ひきつづき窓について。

 house iでは敷地の東側は隣家が迫っており、窓は限定せざるを得ませんでした。ですが、やはり朝日は取り込みたいので、その限られた窓から入ってくる光を印象的に見えるようにと考えた結果が下の写真です。

 この雰囲気、何かに似ていると思いませんか?

 実はこの窓、フェルメールの絵によく登場する「左手にある高窓から差し込むあかり」を意識して設計しました。ちょっとした遊び心です。これは2階の南東角にある書斎の窓なのですが、この部屋は、フェルメールの光の演出のため南側には一切窓を作っていません。だいぶ悩んだのですが、窓は東面のみに限定し、壁の仕上げを漆喰塗としたことでとても柔らかい印象の光で部屋が満たされるようになり、光の扱いがうまくいったのではないかと思います。暗くならないだろうかと心配したのですが、白い漆喰の壁がほどよく光を反射して「静謐な」という言葉で形容したくなるような空間となりました。

 このように窓は大きく開けることよりも、いかに限定するかと考えたときに非常に難しくなります。ですが、そうすることによって、部屋中全てが均一に明るいよりも、時間や季節によって明るくなったり、ほんのり暗い場所が出来たりといった変化を楽しむことができるようになります。

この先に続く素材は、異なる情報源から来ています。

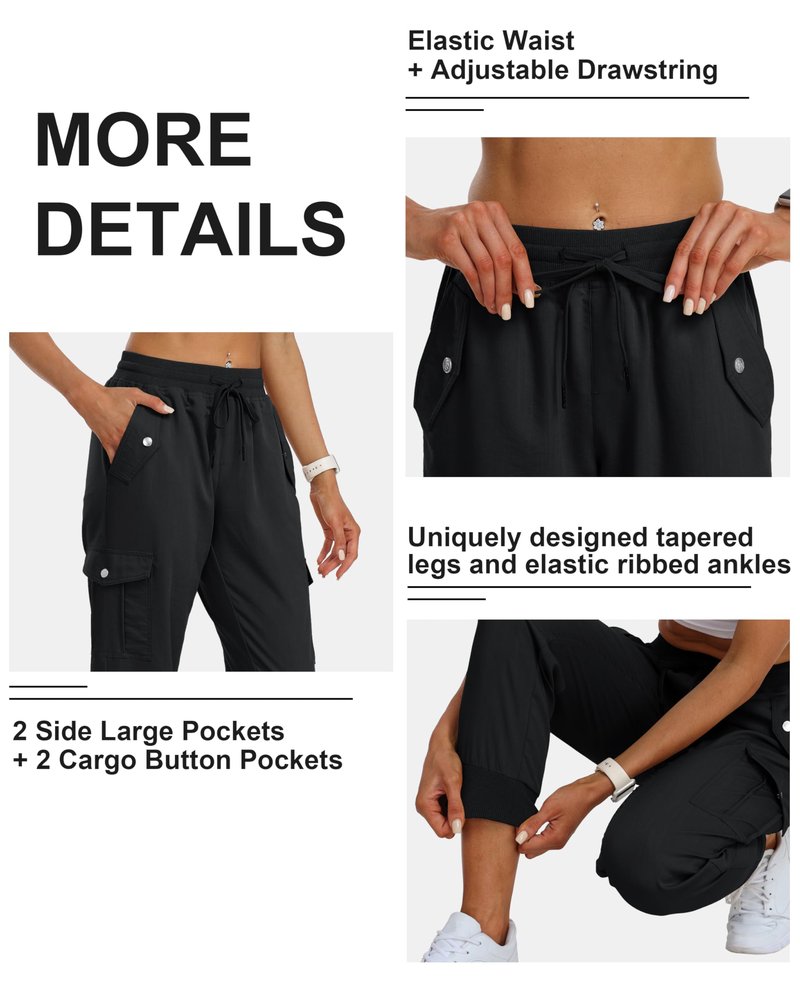MoFiz Women's Outdoor Cargo Pants Lightweight Joggers Elastic Waist Athletic Hiking Sweatpants Casual Travel Pant with Pocket Black M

夏が過ぎて秋が深まってくると部屋の奥まで日光が直達するようになったり、朝日の昇ってくる位置がだいぶ南に動いてきたなとか、部屋に入ってくる光が如実に変わっていくのを窺い知ることができます。

 窓の設計は、いつもとても難しいですが、建物が立ち上がって壁が張られ、工事途中そこにぽっかりと空いた開口部から光が差し込んでくるのを体験すると、建築設計という仕事の素晴らしさを実感します。